Cooperating Answer Set Programming

  • Davy Van Nieuwenborgh
  • Stijn Heymans
  • Dirk Vermeir
Conference paper
Part of the Lecture Notes in Computer Science book series (LNCS, volume 4079)


We present a formalism for logic program cooperation based on the answer set semantics. The system consists of independent logic programs that are connected via a sequential communication channel. When presented with an input set of literals from its predecessor, a logic program computes its output as an answer set of itself, enriched with the input.

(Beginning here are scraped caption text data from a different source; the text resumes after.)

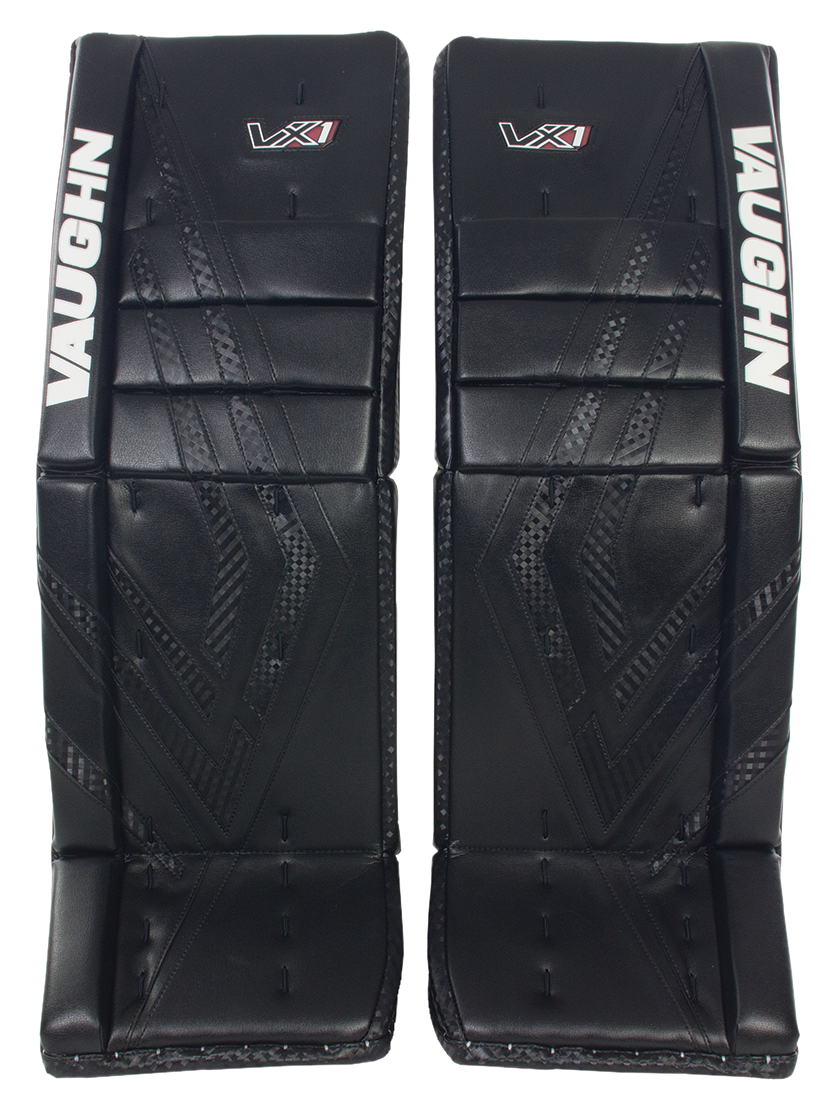 VAUGHN パッド VPG VX1 PRO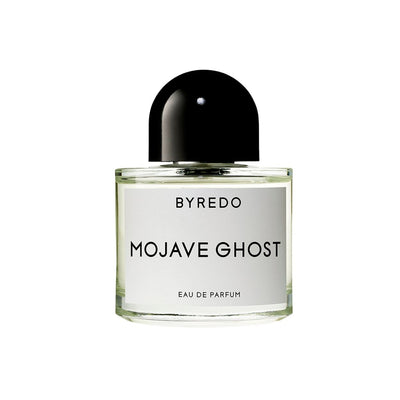 Mojave Ghost Eau de Parfum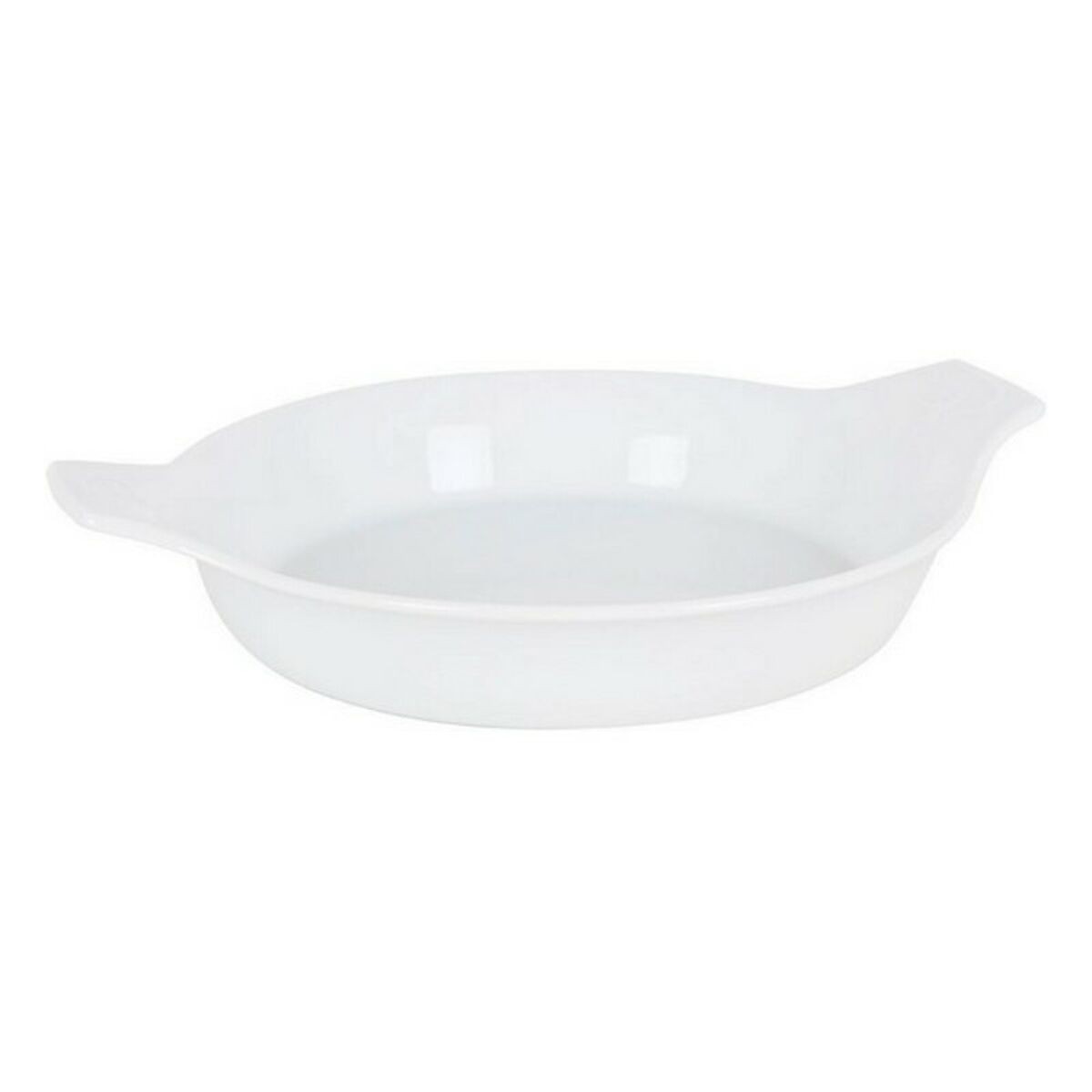 /189183/plat-a-gratin-porcelaine-blanc-oe-22-x-4-cm.jpg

It turns out that the communication strategy makes the system quite expressive: essentially a sequence of a fixed number of programs n captures the complexity class \({\ensuremath{\Sigma}^P_n}\), i.e. the n-th level of the polynomial hierarchy. On the other hand, unbounded sequences capture the polynomial hierarchy \(\mathcal{PH}\). These results make the formalism suitable for complex applications such as hierarchical decision making and preference-based diagnosis on ordered theories. In addition, such systems can be realized by implementing an appropriate control strategy on top of existing solvers such as dlv or smodels, possibly in a distributed environment.


Logic Program Logic Programming Weak Constraint Check Program Stable Model Semantic 
These keywords were added by machine and not by the authors. This process is experimental and the keywords may be updated as the learning algorithm improves.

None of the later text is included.